It is the plastic cup they want, the one that just touched the lips of Diego Armando Maradona. "Diego, Diego, the cup!" the kids scream from the stands of the old soccer stadium. Maradona is taking the first water break of his first public workout of 1994, his first step toward playing the World Cup this summer in the United States. He looks happy today. He signs autographs, smiles for the cameras and jokes with the 300 or so fans that have come to see him. He takes a drink of water, leans across the stadium moat and softly lofts his Pepsi cup underhand into the waiting arms of a smiling 9-year-old girl named Nadal Gilotti, who then runs up the stands and sits in a bleacher, mesmerized by the trophy she clutches with both hands.
Maradona's rags-to-riches-to-rags-to-riches legend has swept through Asia, Europe, Africa and Australia.
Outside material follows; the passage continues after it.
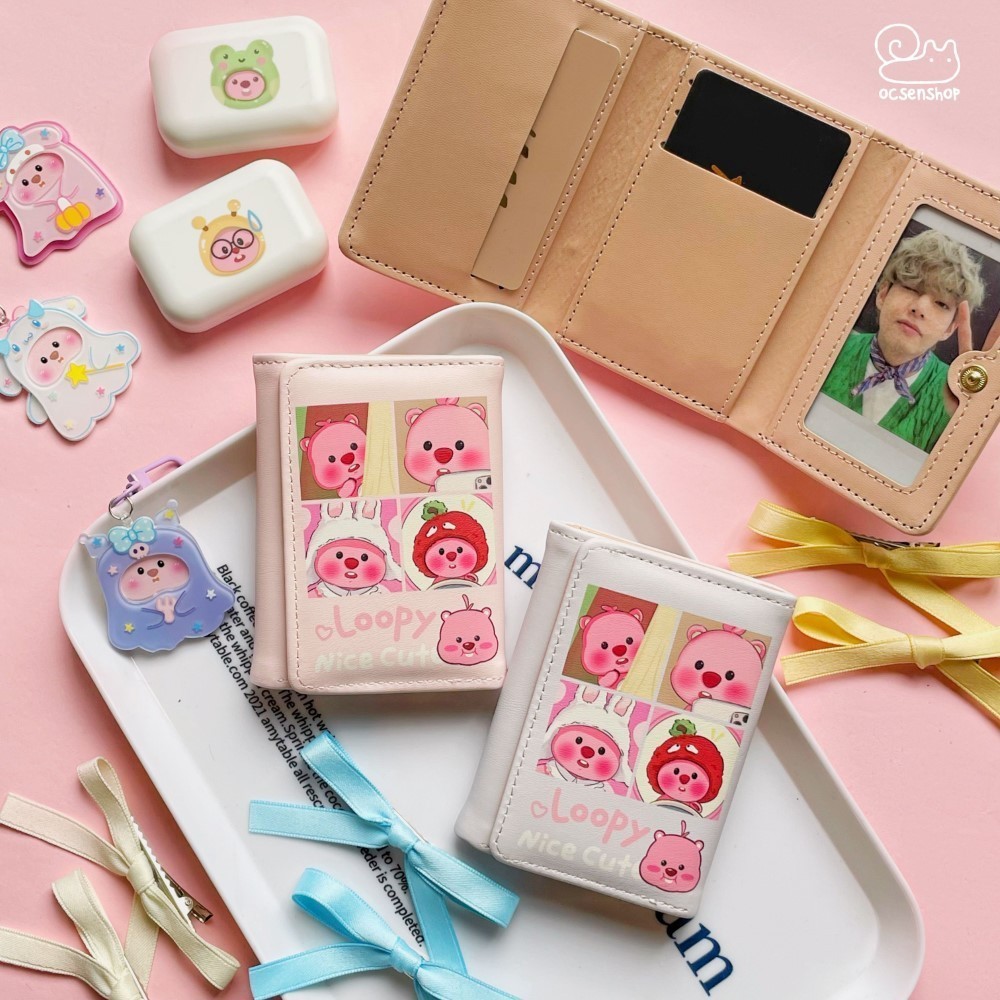 Ví gập 3 Loopy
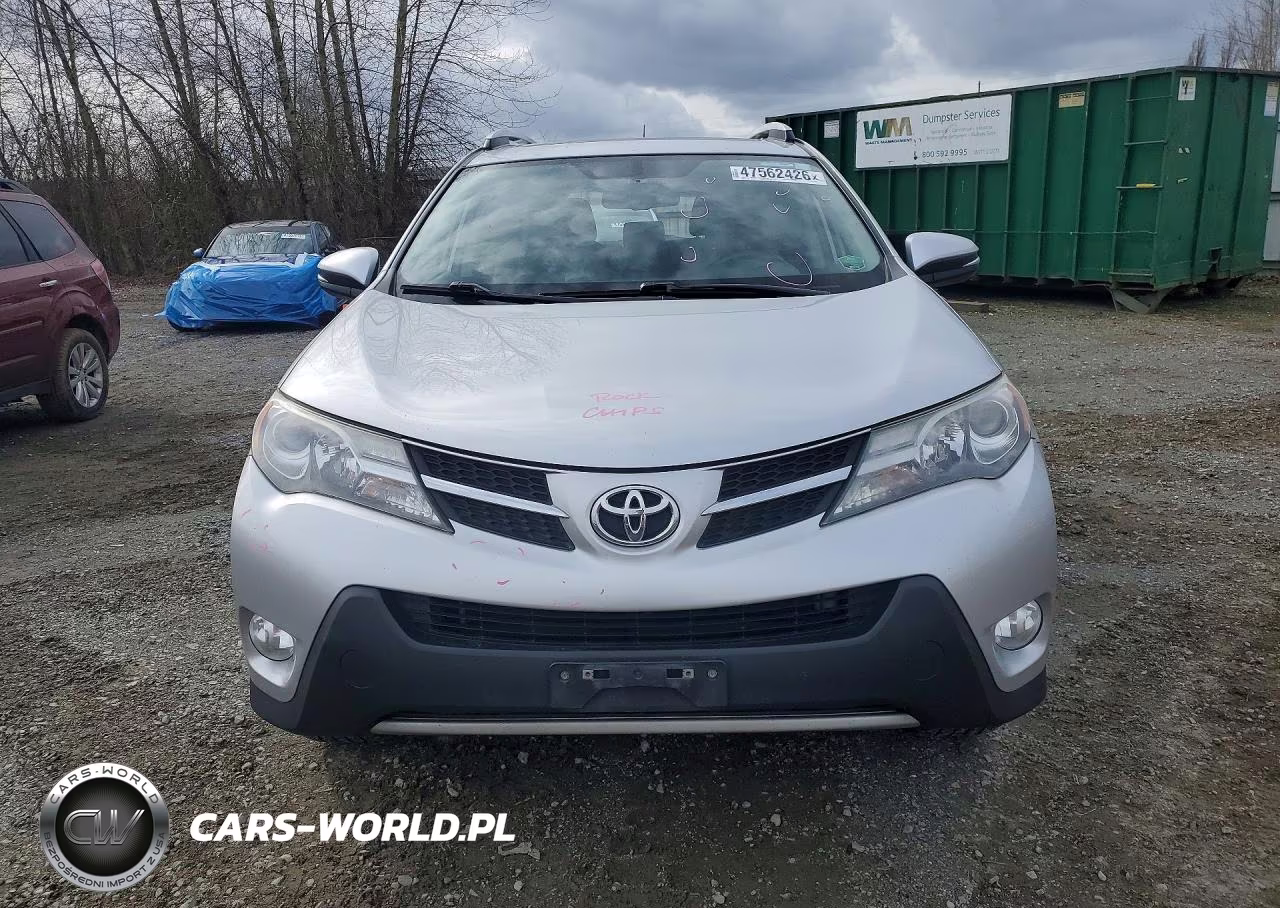 2013 Toyota Rav4 Limited VIN:JTMDFREV2D5010241 - 5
In Catholic South America, he's more popular than the Pope. It is no exaggeration to say that Maradona is as well-known world-wide as Michael Jordan.
Often tempestuous, sometimes unpredictable and always outspoken, Maradona is nobody's example of the ideal sports ambassador. His resume includes a 15-month suspension from the sport and a subsequent arrest for using cocaine. He routinely criticizes his country's president and FIFA (Federation Internationale de Football Assn.), soccer's international governing body. His penchant for talking about his friend Fidel Castro has earned him death threats from Cuban Americans in Florida.
For the past 15 years, Maradona's life has been just about as private as Michael Jordan's or Michael Jackson's-and like the famous Michaels, at times Maradona seems incapable of avoiding controversy. Last month, for example, reporters shouting questions outside his home were met with a hail of pellets from an air rifle fired from inside his house. Injured reporters filed suit against Maradona and charges are pending. Maradona, without addressing who fired the gun, said the reporters repeatedly refused to stop screaming out questions and they were upsetting his daughters.
The following night, he and his family fled their home, hiding in the back of a pickup truck, only to be discovered days later by two reporters at a secluded seaside resort.
Unlike soccer's other great legend, the now-retired Pele, Maradona never played in the United States, and until now, he has avoided the English-language media for most of his career.
But he agreed to a rare talk a few days before the air gun incident over a cup of espresso in a crowded hotel. He did it, he said, "for the American kids, who really love the sport, even if the adults haven't warmed up to it yet."
Before the interview was over, he had touched on his unbridled passion for Argentina and the sport that made him famous; his hopes for the upcoming World Cup, which he said will be his last hurrah; his regrets over his past drug use, and his love-hate relationship with the United States.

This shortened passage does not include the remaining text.